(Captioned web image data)
____________________
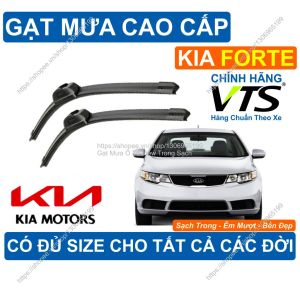 Gạt Mưa A8 Kính Lái KIA FORTE Cặp Gạt Mưa Kính Lái KIA FORTE. Có Đủ Size Cho Các Đời Xe KIA FORTE.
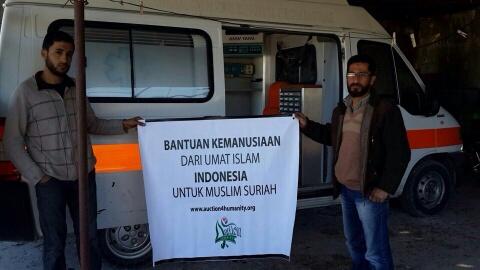 Bantuan Ambulans untuk Muslim Suriah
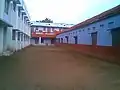 Old and new building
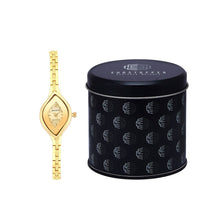 Shostopper Designer Gold Dial Analogue Watch for Women - SJ62069WW-1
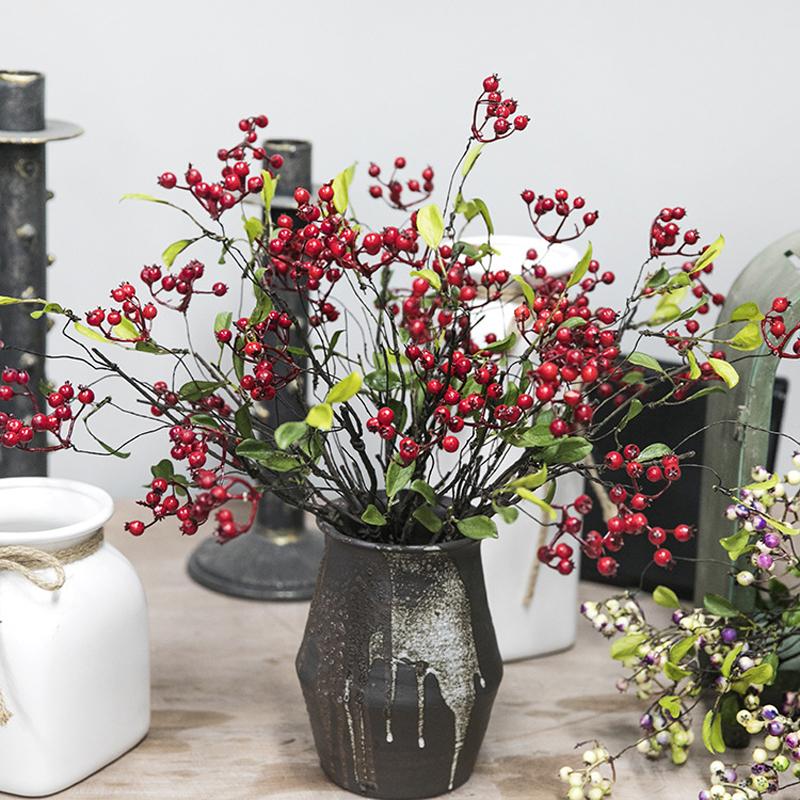 Artificial Pomegranate Berries Fake Fruit Cherry for Christmas Home New Year Decoration Fall Winter Decorations Fake Flower, Beige
Artificial Pomegranate Berries Fake Fruit Cherry for Christmas Home New Year Decoration Fall Winter Decorations Fake Flower, Beige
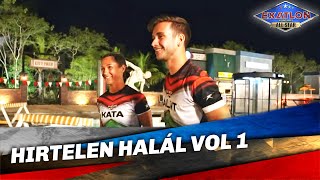 Hirtelen Halál Futamok vol1  Exatlon Hungary All Star  4 Évad [upl. by Harlie]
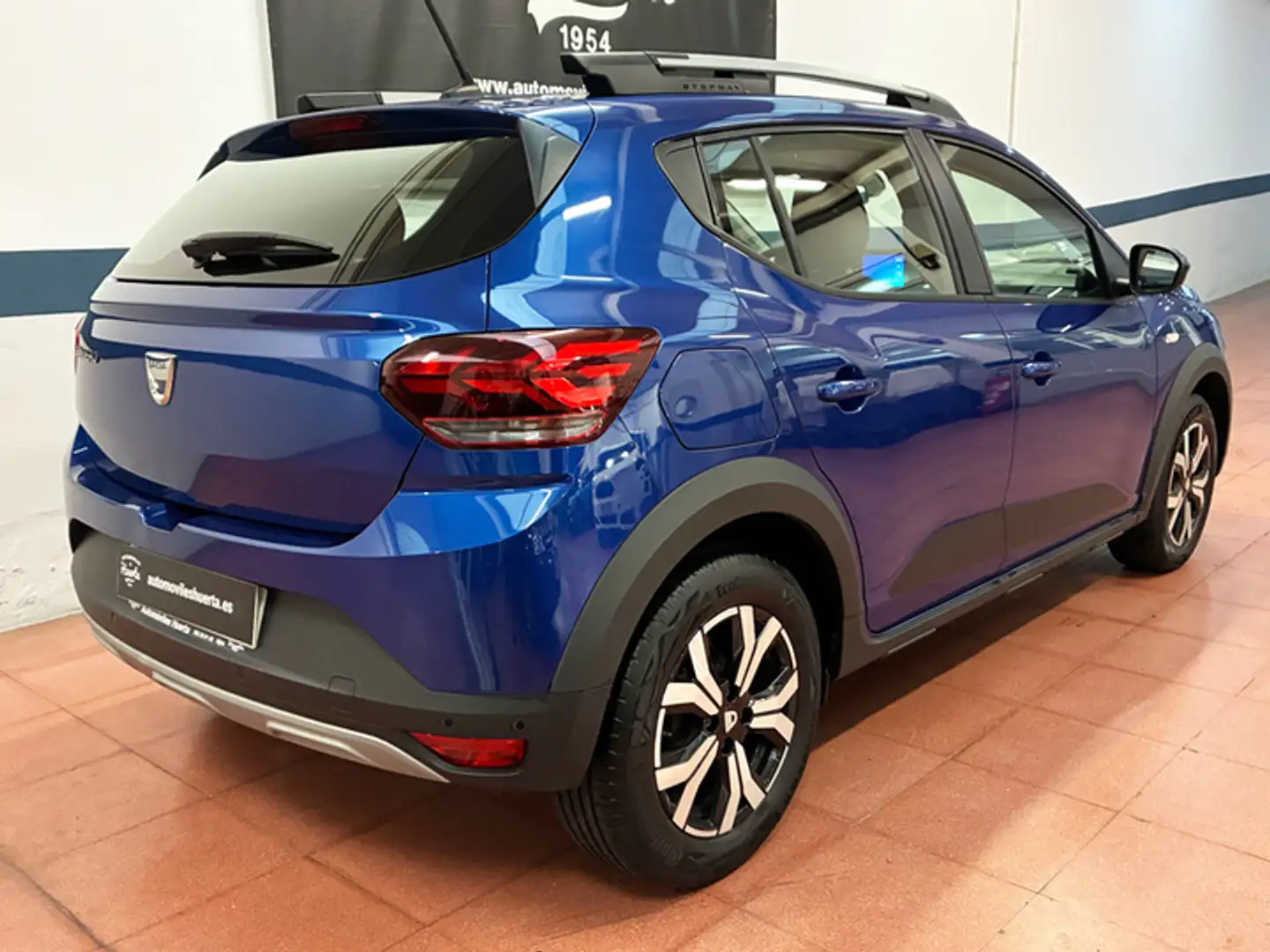 Dacia Sandero Stepway TCe Comfort 67kW Azul - 2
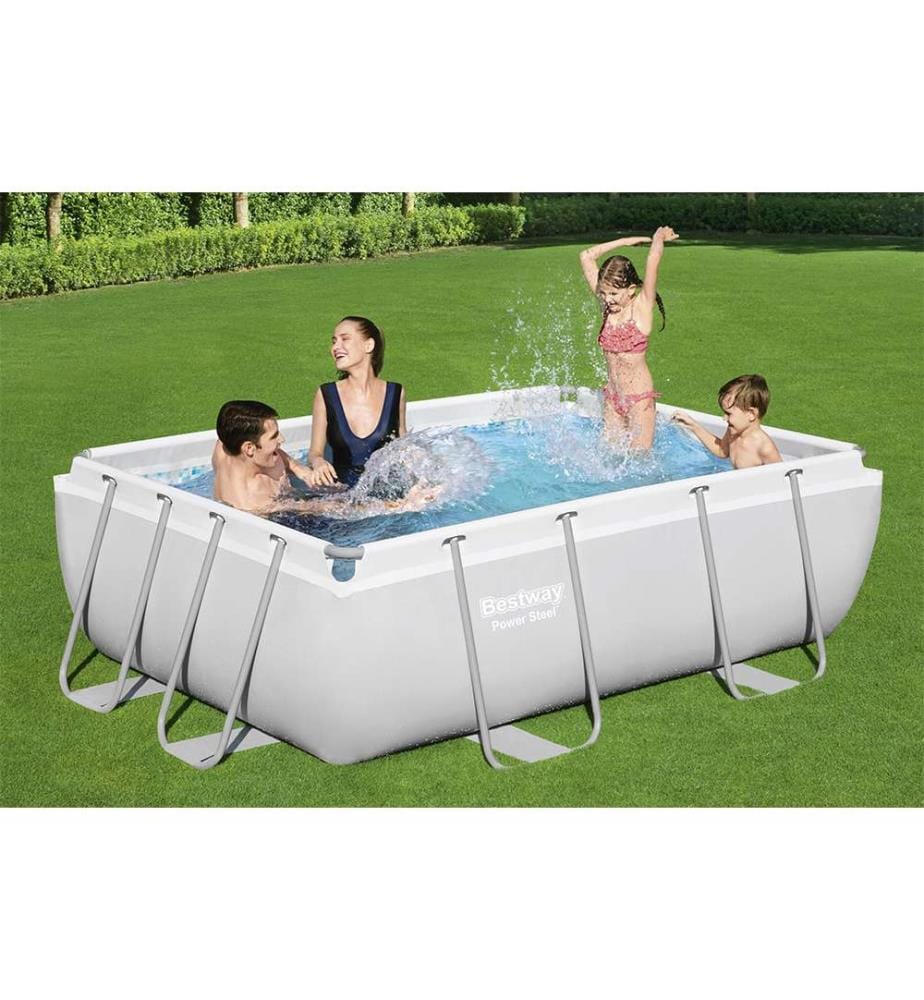 Pool PowerSteel™ - 282 x 196 x 84 cm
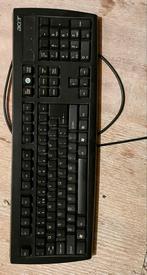 Acer Toetsenbord met Trust Muis - Gebruikt, Computers en Software, Toetsenborden, Gebruikt, Toetsenbord en muis-set, Ophalen of Verzenden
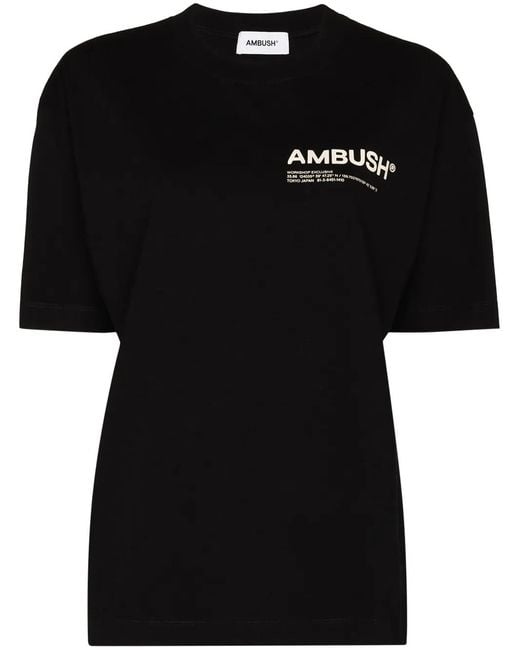 Ambush Black Workshop T-shirt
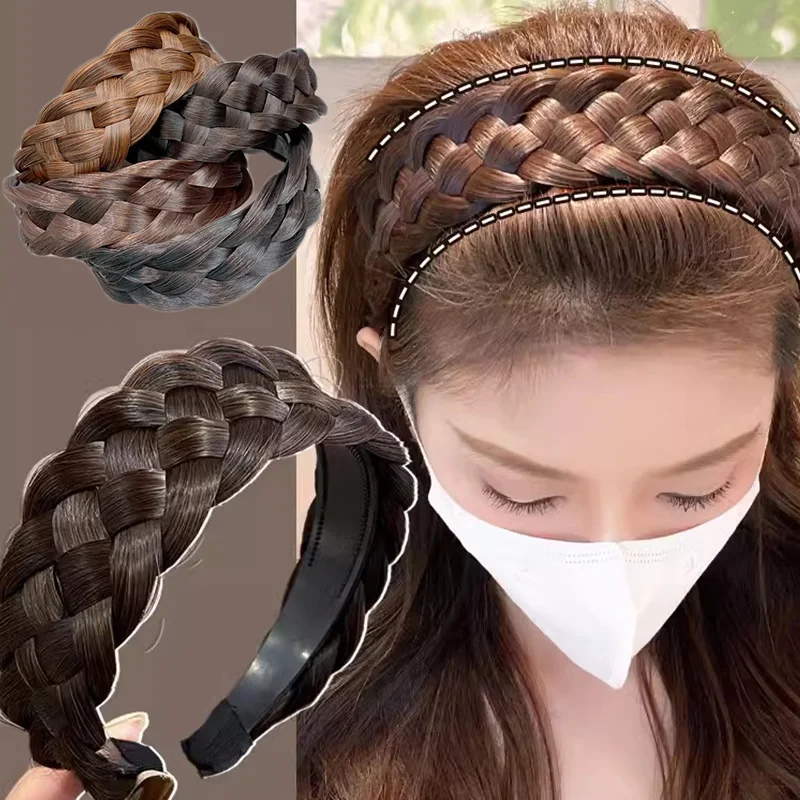 ダークゴシックツイストレザーヘッドバンド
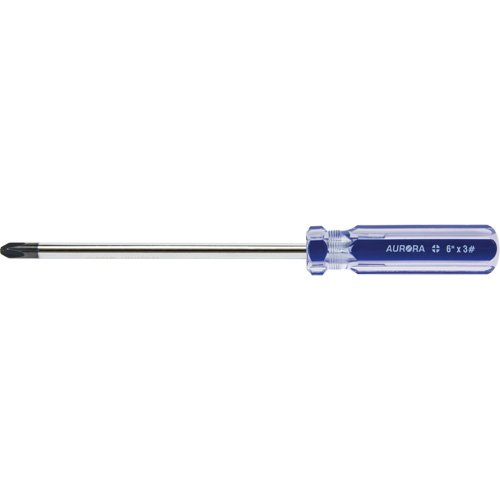 UAX714 - Blue Transparent Striped Philips Screwdriver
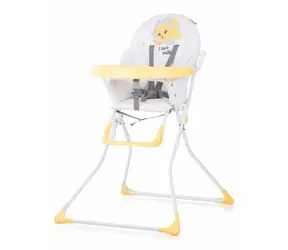 CHIPOLINO Krzesło do jadalni Teddy Banana / od 6 miesięcy do 3 lat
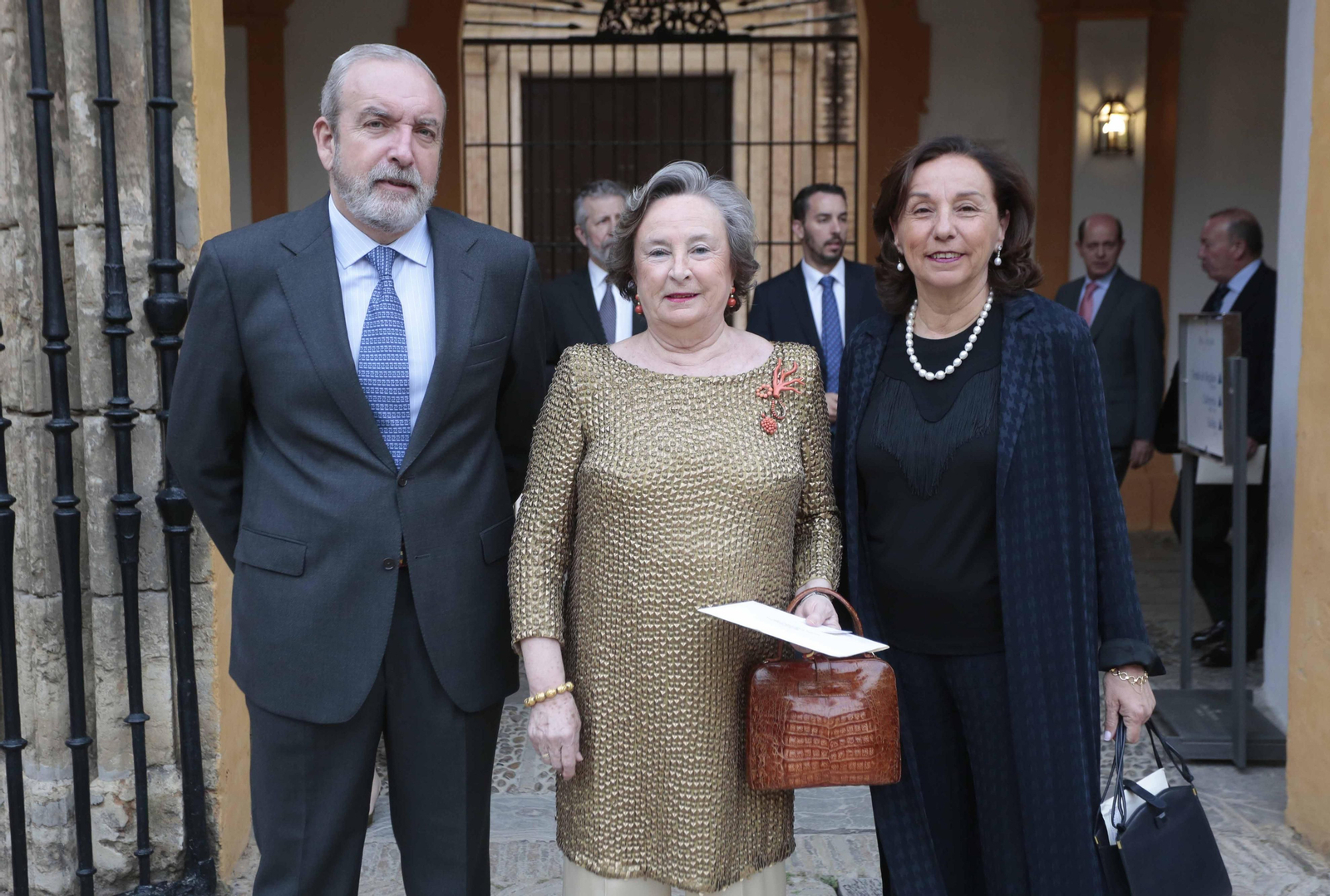 Los asistentes al VII Premio Manuel Clavero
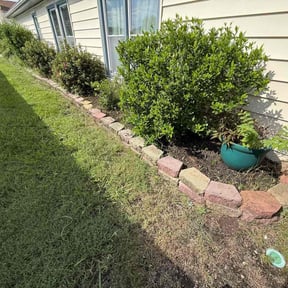 Flower Bed Weeding by Destiny Landscaping LLC reviewed on April 6, 2025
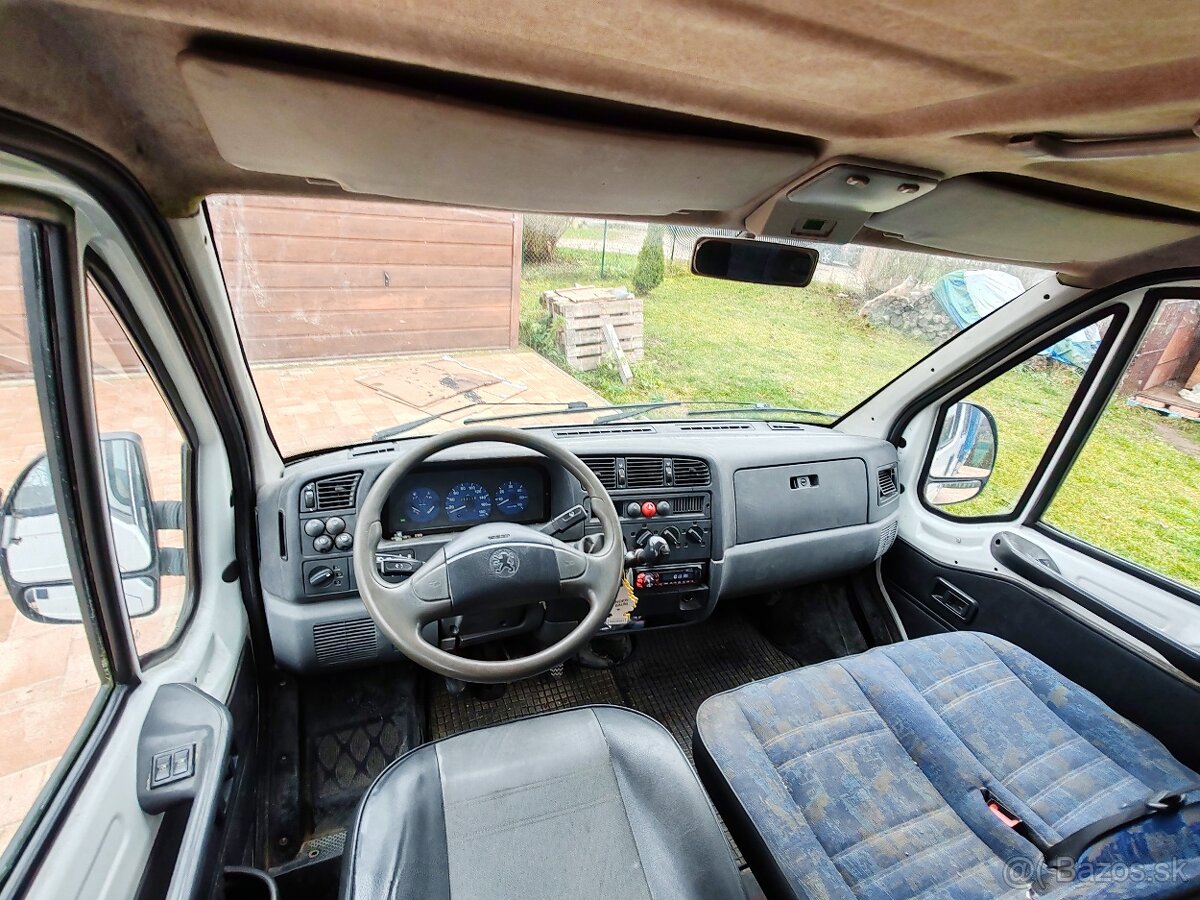 Peugeot boxer 2.8hdi valník - 7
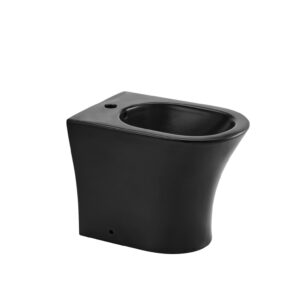 B0704NE Abruzzo Bidet 1 Agujero Negro Piazza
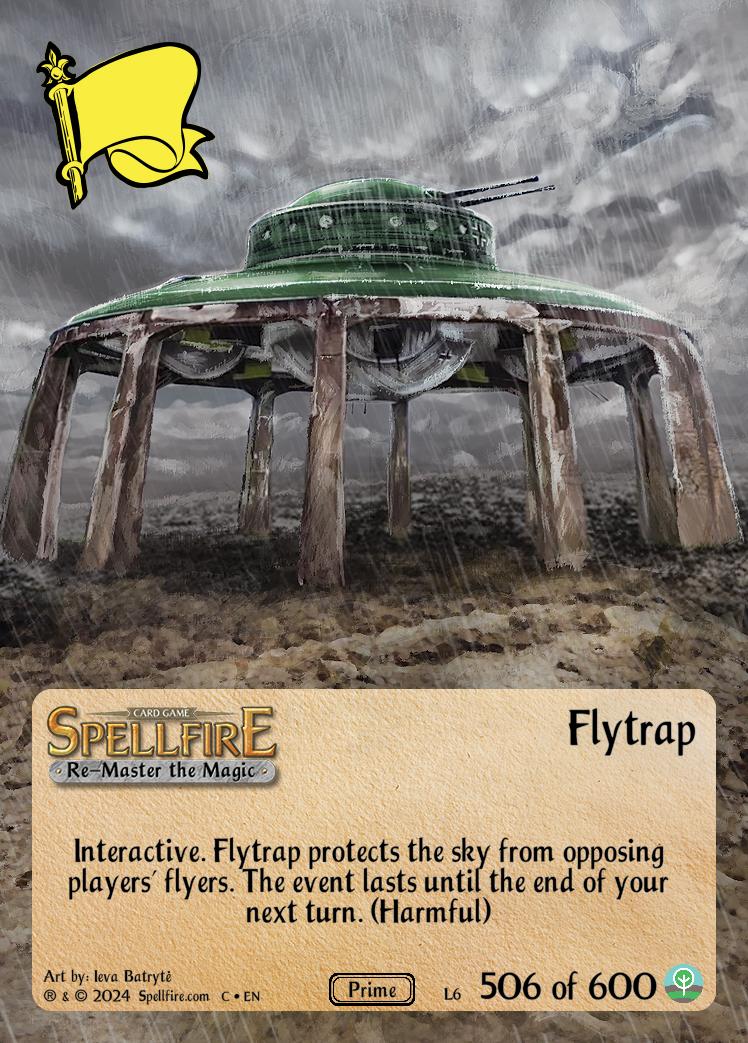 Level 6 Flytrap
____________________
§ **Work task**
From the line that contains "Flower Bed Weeding" down to the final line of the entries above, please copy each line exactly, excluding pictures.

§ **Finished exercise**
 Flower Bed Weeding by Destiny Landscaping LLC reviewed on April 6, 2025
 Peugeot boxer 2.8hdi valník - 7
 B0704NE Abruzzo Bidet 1 Agujero Negro Piazza
 Level 6 Flytrap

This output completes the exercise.